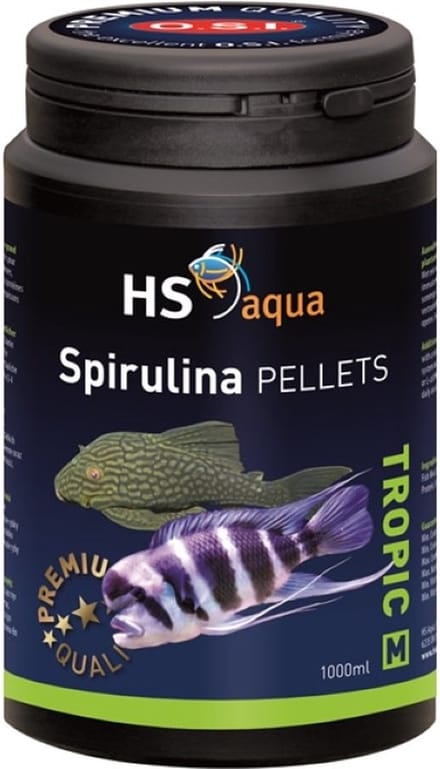 Spirulina pellets m 1000 ml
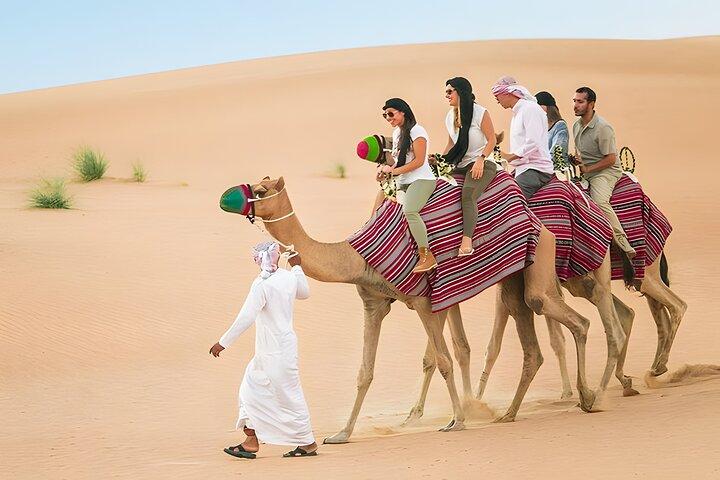 Dubai: Morning Quad Bike Activity– Sand Board and Camel Safari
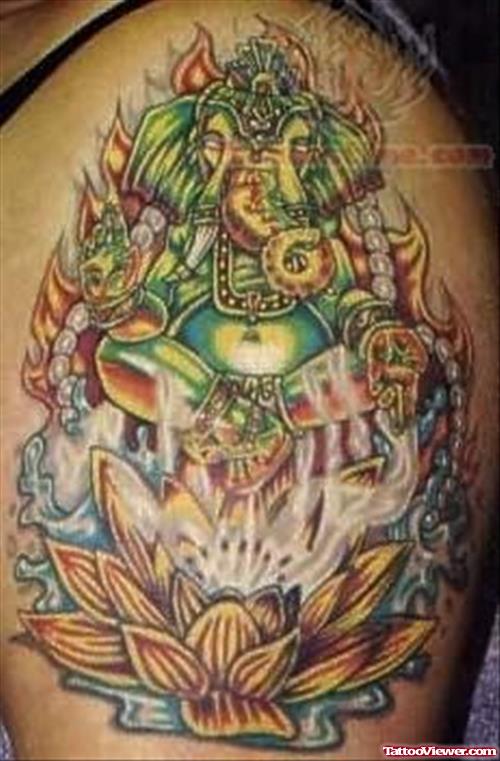 Lord Ganesha - Religious Tattoos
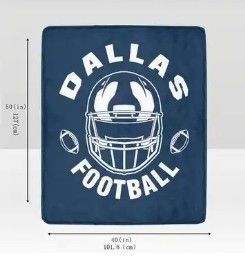 NEW: 50"x 60" COWBOYS TEAM BLANKEY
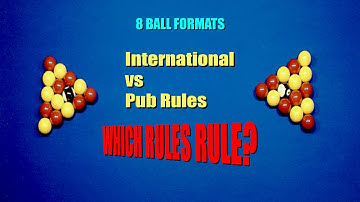 International 8 Ball Rules vs BlackBall Pub Rules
========================
- WHAT THE TASK ASKS -
The required answer is every line from the one containing "Dubai: Morning Quad" through the last line of the entries, restated word for word and with no pictures.

- ANSWER BOX -
 Dubai: Morning Quad Bike Activity– Sand Board and Camel Safari
 Lord Ganesha - Religious Tattoos
 NEW: 50"x 60" COWBOYS TEAM BLANKEY
 International 8 Ball Rules vs BlackBall Pub Rules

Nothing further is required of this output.